The main types of 19C trauma were “railway spine” (whiplash injury to the nervous system and paralysis) and “railway brain” (neurological agitation and psychosis). Both of these were results of an association between the physical agitations of movement and the psychological anxieties attaching to that movement. Freud later described these mechanical agitations in terms of a “model of shock” and, famously, used a similar model to describe male sexual development.
The anxieties attaching to the railway were heightened, experientially and sensationally, by the evident mechanical power of the engine and the manifest speed of travel. The feelings associated to carried forward were exciting, pleasurable and discomfiting for both men and women.
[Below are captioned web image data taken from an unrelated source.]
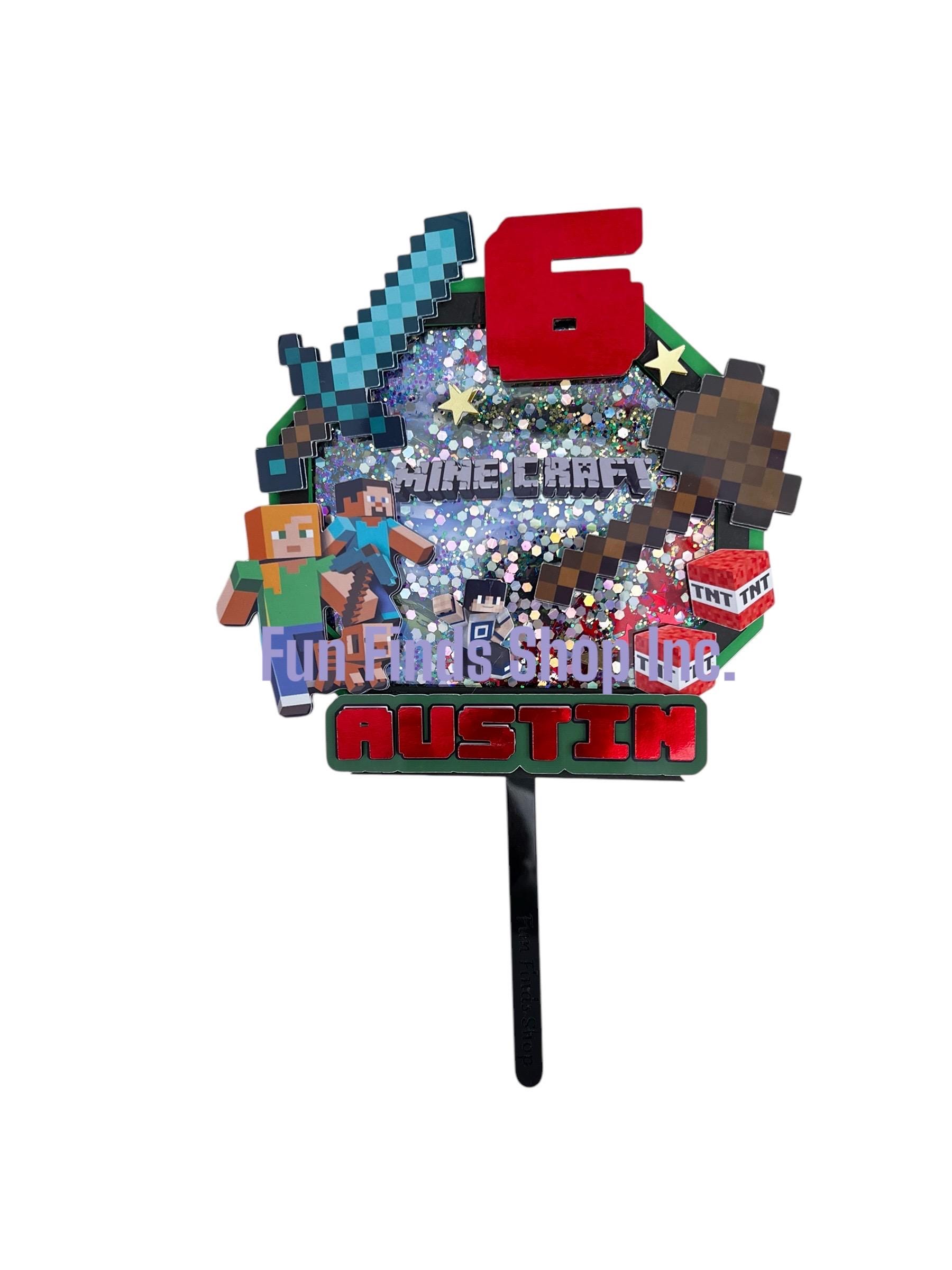 Custom Minecraft Cake Topper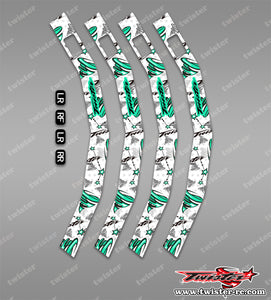 TR-CWS-MT2    SKYRC Corner Weight System Optical White Pattern Wrap ( Type MT2 )4 Colors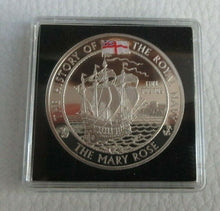 Load image into Gallery viewer, 2003 HISTORY OF THE ROYAL NAVY MARY ROSE SILVER PROOF £5 COIN ROYAL MINT  A1
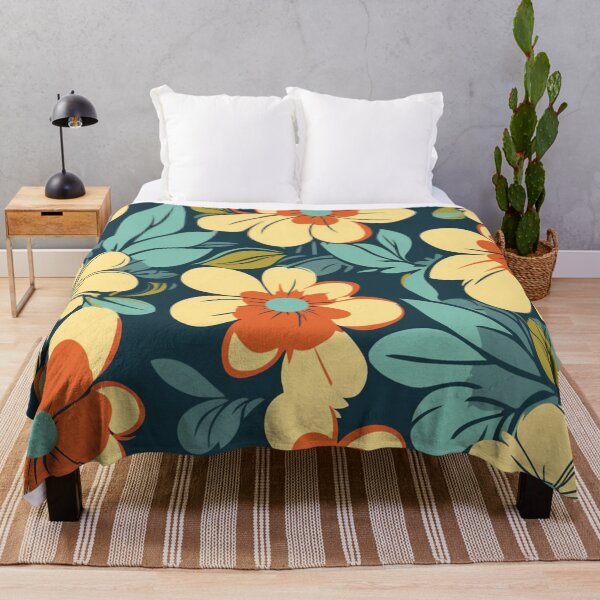 Item preview, Beautiful retro flowers designed and sold by NxtGenArt.
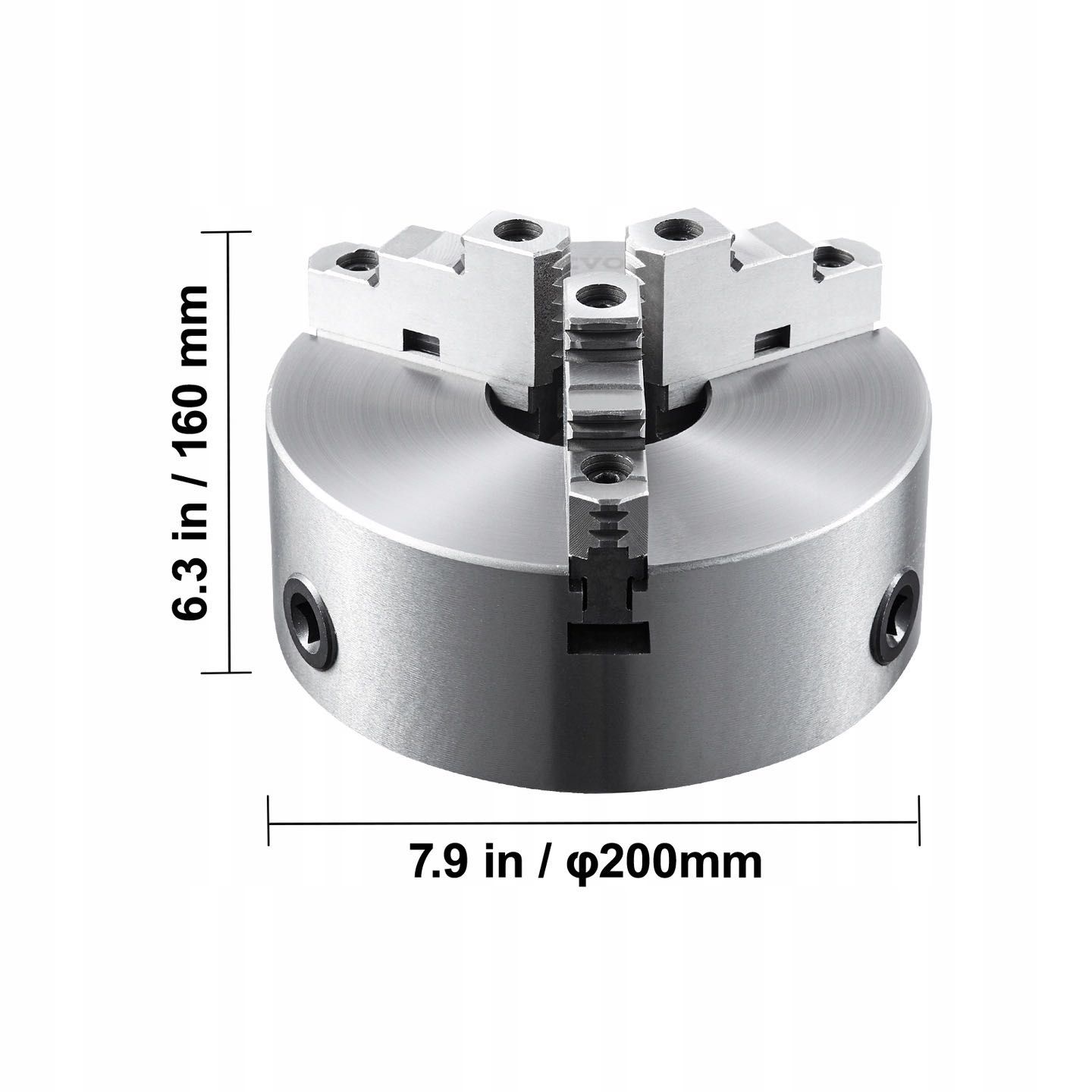 UCHWYT TOKARSKI 3 Szczękowy 200 mm Stal Hartowana Samocentrowanie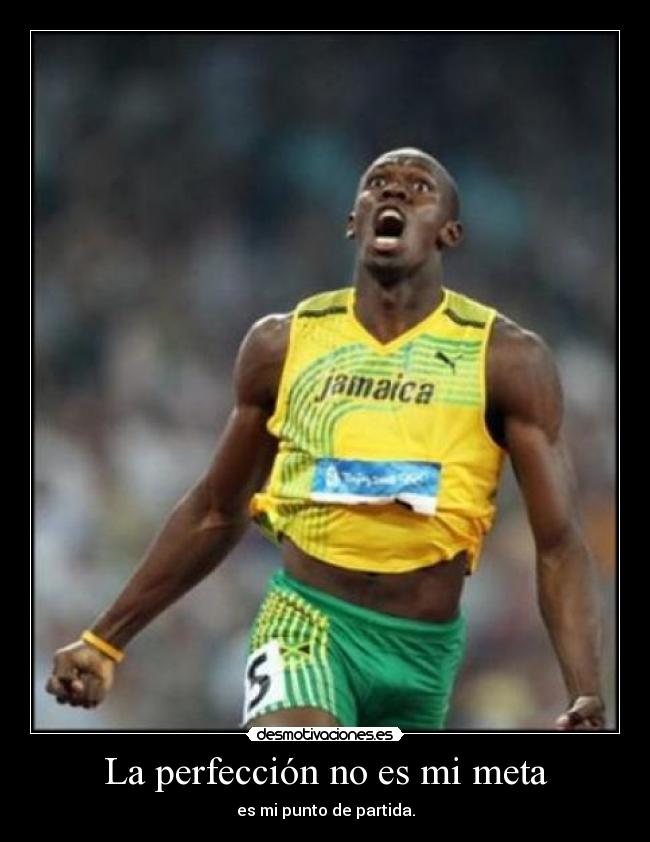 La perfección no es mi meta -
It’s not difficult to understand how, for Freudians, the railway became a powerful metaphor for the traumas attaching to sexual desire….and the feelings of shock and guilt that attach to this activity.
The problem of human agency, implicit in the diagnosis of this “normal” behaviour, is a characteristic of the systems and structures of modern life. These may be economic, social and political. For Freud, especially, the practical terms of human agency were always derived from sexual desire.
The link between medicine, therapy, doctors and trains is not as far-fetched as it may seem. Alain Corbin has described the origins of the aquatic therapy of sea-bathing in explicitly sexualised terms. The historical development of the seaside “pleasure garden” and fun fair were attempts to conjure an architecture and social space devoted to a therapeutic engagement with pleasure.
The early fair ground rides (roller coasters especially) provided for a more exhilarating version of the railway journey. Freud’s phobia of railways was entirely due to his anxieties in relation to giving up control, and to feelings of pleasure, generally.
Needless to say, these anxieties were those of “the reasonable man” confronted with the power of uncontrollable emotional feeling.
Lewis Carroll used the figure of the White Rabbit to get Alice’s dream started. The anxieties attaching to lateness and to missed connections must have run deep; even in the 19C.
We’re back at the railway timetable…(or to Neo in The Matrix).
Time to “go off the rails…”
The psychic strain of railway travel proceeds, not from the noise, speed and vibrations of the railway carriage; but from the excitement, anxiety and nervous shock consequent on the effort to catch the last express; to be in time for the fearfully punctual train.